I love spearmint too.   
 I hope it's not an irritant, I would really like to buy some.

Do you mind sharing with me where you bought yours?

Jude


----------



## Lindy (Jun 15, 2009)

Hi Jude - I bought it from http://www.voyageursoapandcandle.com/store/details.asp?prodid=64630&cat=933&path=93,933.  It smells absolutely divine!!!  I already put it into a cream to use as aromatherapy - so far it doesn't irritate but I could just be lucky on this one.....


----------



## heyjude (Jun 15, 2009)

Thanks, Lindy.
Using it in a cream for aromatherapy sounds wonderful!!

 

Jude


----------



## Lindy (Jun 15, 2009)

I'm thinking about making some Perfume Creams - gotta play with that one and see what I can come up with....


----------



## KSL (Jun 17, 2009)

I was thinking of putting some in a lotion bar..


----------



## Guest (Jun 17, 2009)

It is really nice in lotion bars / tarts . I love the scent of spearmint. 

Kitn


----------



## KSL (Jun 17, 2009)

I was also thinking of adding some menthol liquid for the cooling effect.. you know.. for sore muscles.. (I think I posted that somewhere else too, lol)


----------



## krissy (Jun 17, 2009)

i used spearmint and rosemary in my green and cream castile and the smell is great and i have been using the soap with no tingle or anything like peppermint has done before.


----------



## Lindy (Jun 19, 2009)

Thank you!  I really love this scent too - yup, going to have to make some soap with it and some lotion bars......it's good to know it is less irrating than peppermint....


----------



## soapbuddy (Jun 19, 2009)

KSL said:
			
		

> I was also thinking of adding some menthol liquid for the cooling effect.. you know.. for sore muscles.. (I think I posted that somewhere else too, lol)

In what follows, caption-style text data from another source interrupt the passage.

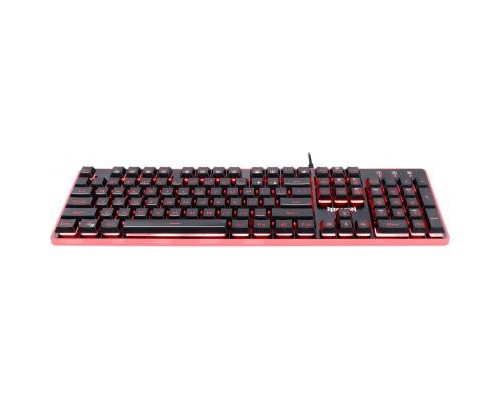 Клавіатура Redragon Dyaus USB UKR Black (77625)
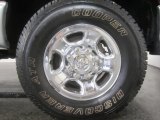 2005 Dodge Ram 2500 SLT Regular Cab 4x4 Wheel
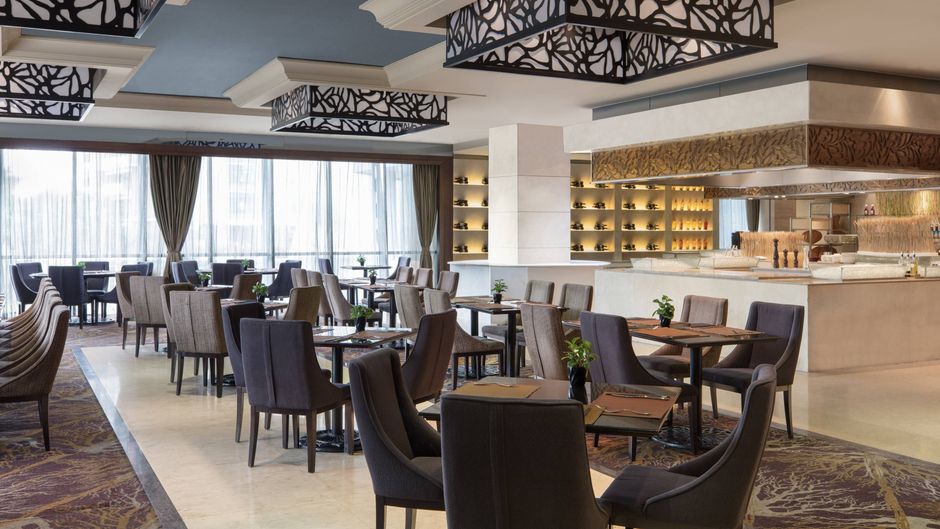 Sheraton Shunde Hotel Restaurant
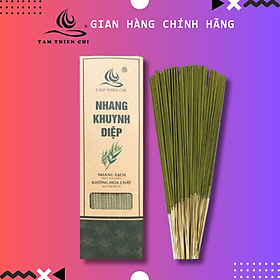 Mua Nhang sạch Khuynh diệp Tâm Thiện Chí hộp 260g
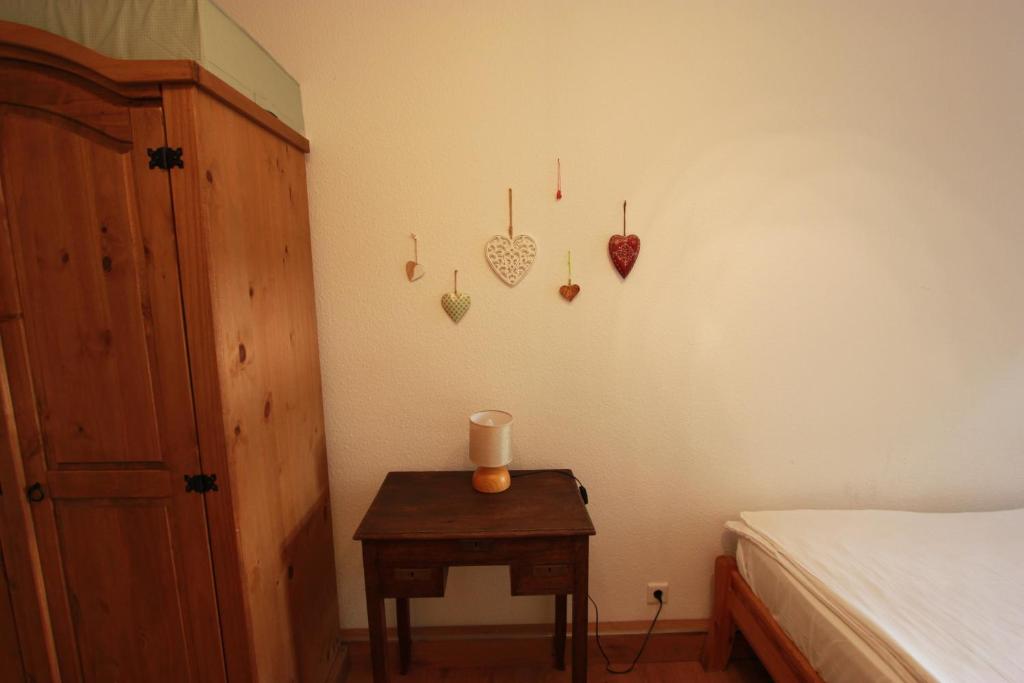 Ferienwohnung Altstadtidylle 2 - 7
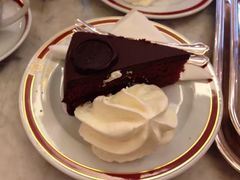 巧克力-Cafe Sacher(WIEN)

You need very, very little of menthol. It's very strong.


----------



## mandolyn (Jun 29, 2009)

No tingle with spearmint. I use it in a spa bar that's just so fresh smelling.


----------



## artisan soaps (Jun 30, 2009)

..


----------



## mandolyn (Jun 30, 2009)

artisan soaps said:
			
		

> mandolyn said:
> 
> 
> 
> ...



I use .7 oz per lb of oils with EO's. My spa bar doesn't have salt, it's just my scent blend that reminds me of ocean breezes - fresh & clean smelling. I should try it with salt, though. Some day!!


----------



## artisan soaps (Jul 1, 2009)

..


----------



## mandolyn (Jul 1, 2009)

artisan soaps said:
			
		

> Thanks mandolyn .. Your bars sound lovely!



You're welcome & thanks. It's one of my best sellers. I did bath salts to match, but they didn't sell. My customers say they don't have time to soak in a tub!


----------